Question

Match each function formula with the corresponding transformation of the parent function y = -4 x . .

Answer 1

Answer:

1. y = - 4(x - 1) ⇒ Translated right by 1 unit

2. y = 1 - 4x ⇒ Translated up by 1 unit

3. y = - 4(-x) ⇒ Reflected across the y-axis

4. y = - 4(x + 1) ⇒ Translated left by 1 unit

5. y = 4x ⇒ Reflected across the x-axis

6. y = -1 - 4x ⇒ Translated down by 1 unit

Step-by-step explanation:

Lets explain how to solve the problem

- If the function f(x) reflected across the x-axis, then the new

 function g(x) = - f(x)

- If the function f(x) reflected across the y-axis, then the new

 function g(x) = f(-x)

- If the function f(x) translated horizontally to the right  

 by h units, then the new function g(x) = f(x - h)

- If the function f(x) translated horizontally to the left  

 by h units, then the new function g(x) = f(x + h)
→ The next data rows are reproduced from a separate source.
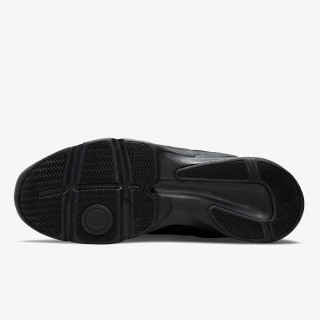 Nike Atlete NIKE DEFYALLDAY 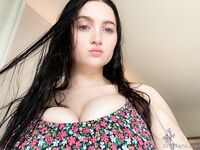 Onlyfans Leaked Photos - Kadydelrey - Amateur Photos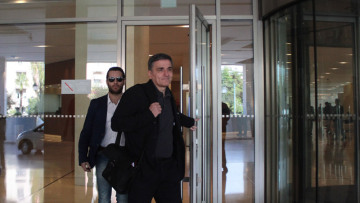 «Έκλεισαν» Υπερταμείο και ληξιπρόθεσμα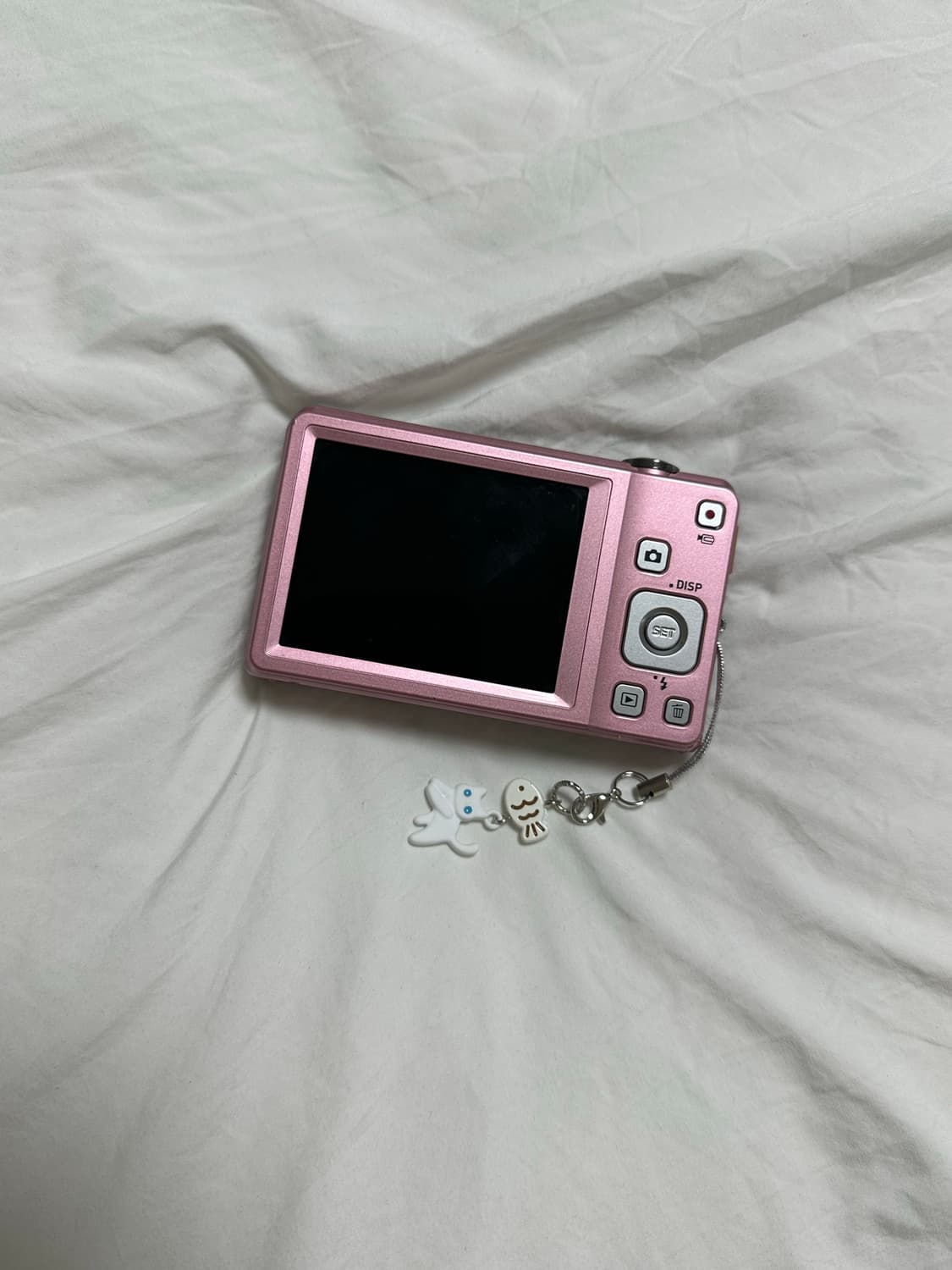 (핑크,작례o) Casio 카시오 ex-ZS5 코르티스 디카 상품이미지2
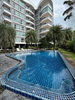 listing thumbnail image 34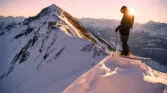 20220125 Winter Skigebiet Eisee Brienzer Rothorn Freeriden Soerenberg Ruedi Flueck gross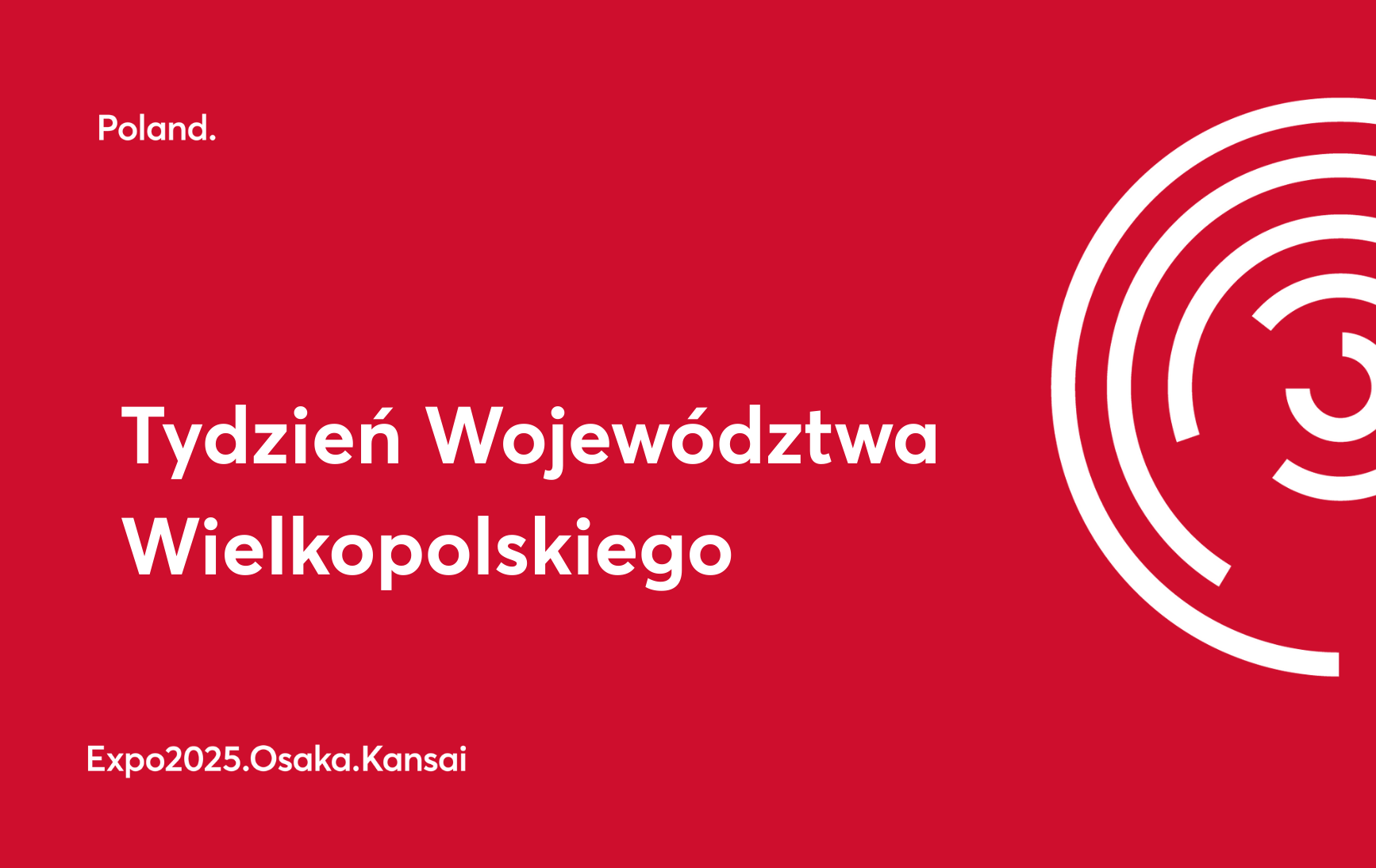 Wielkopolskie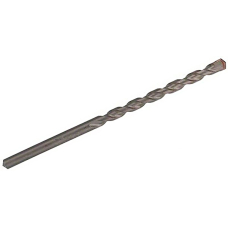 Сверло по бетону Bosch CYL-3, 10×150×200 мм SilverPercussion
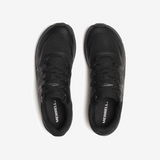 Merrell - Trail Glove 8 - Homme
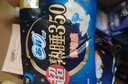 蘇菲口袋魔法衛生巾日夜組合87片超薄便攜裝姨媽巾自營(yíng)官方旗艦 曬單實(shí)拍圖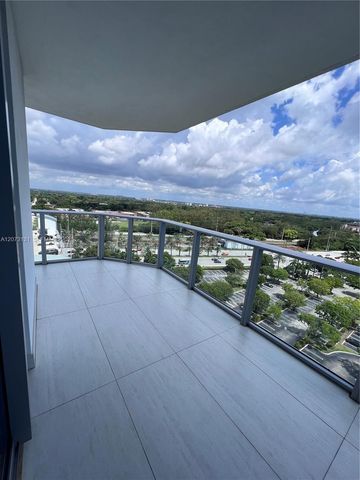 17301 Biscayne Boulevard 1402, North Miami Beach, FL 33160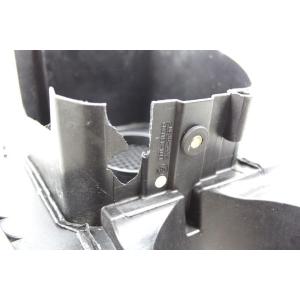 AIRBOX
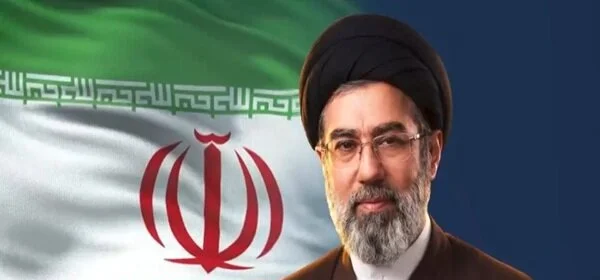 رہبر معظم نے ایجی کو عدلیہ کے سربراہ کے عہدے پر دوبارہ مقرر کر دیا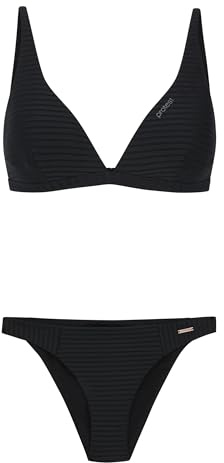 Protest Damen Triangel-Bikini PRTMAUDY Xl/42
- If the function f(x) translated vertically up  

 by k units, then the new function g(x) = f(x) + k

- If the function f(x) translated vertically down  

 by k units, then the new function g(x) = f(x) – k

* Lets solve the problem

∵ y = - 4x is the parent function

- The function after some transformation is:

1. y = - 4(x - 1)

∵ We subtract 1 from x

∴ The function translated right by 1 unit

∴ y = - 4(x - 1) ⇒ Translated right by 1 unit  

2. y = 1 - 4x

∵ We add 1 to y = - 4x

∴ The function translated up by 1 unit

∴ y = 1 - 4x ⇒ Translated up by 1 unit

3. y = -4(-x)

∵ We multiply x by (-)

∴ The function reflected across the y-axis

∴ y = - 4(-x) ⇒ Reflected across the y-axis

4. y = -4(x + 1)

∵ We add 1 to x

∴ The function translated left by 1 unit

∴ y = - 4(x - 1) ⇒ Translated left by 1 unit

5. y = 4x

∵ We multiply y = - 4x by (-)

∴ The function reflected across the x-axis

∴ y = 4x ⇒ Reflected across the x-axis

6. y = -1 - 4x

∵ We subtract 1 from y = - 4x

∴ The function translated down by 1 unit

∴ y = -1 - 4x ⇒ Translated down by 1 unit